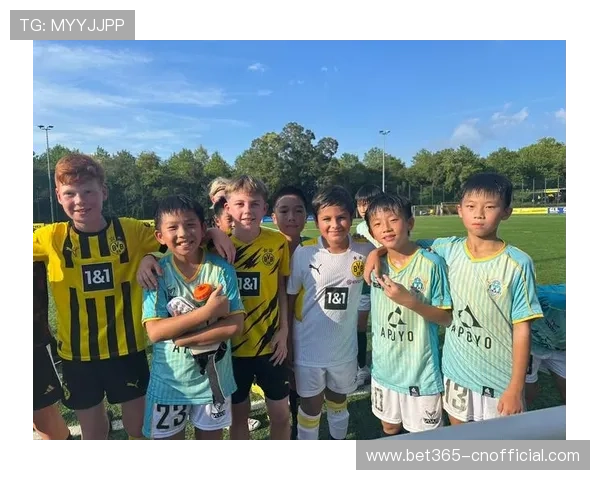 365足球真人国际平台汇聚全球最专业的足球真人比赛，为你提供最真实的运动娱乐体验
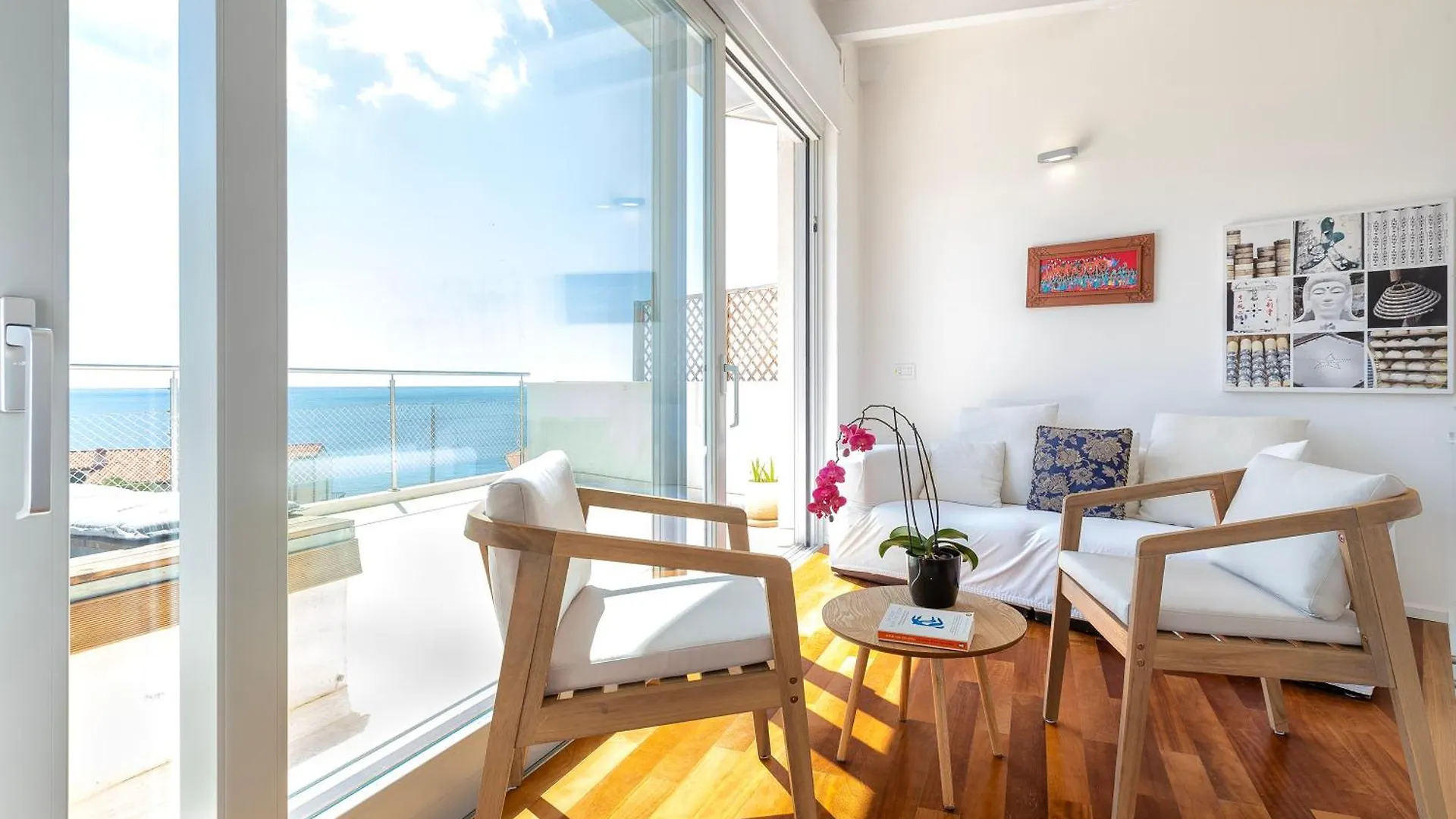 Luxury Seafront Villa With Rooftop Pool & Stunning Sea Views Fertilia 0*,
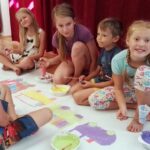 03.08.2016. "Wakacje - pociąg do kultury" - zajęcia dla dzieci w Centrum Kultury w Pińczowie / Kamil Włosowicz / Radio Kielce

= Exercise directions =
Reproduce the listing above exactly, without a single picture.

= Reply to the task =
 365足球真人国际平台汇聚全球最专业的足球真人比赛，为你提供最真实的运动娱乐体验
 Luxury Seafront Villa With Rooftop Pool & Stunning Sea Views Fertilia 0*,
 03.08.2016. "Wakacje - pociąg do kultury" - zajęcia dla dzieci w Centrum Kultury w Pińczowie / Kamil Włosowicz / Radio Kielce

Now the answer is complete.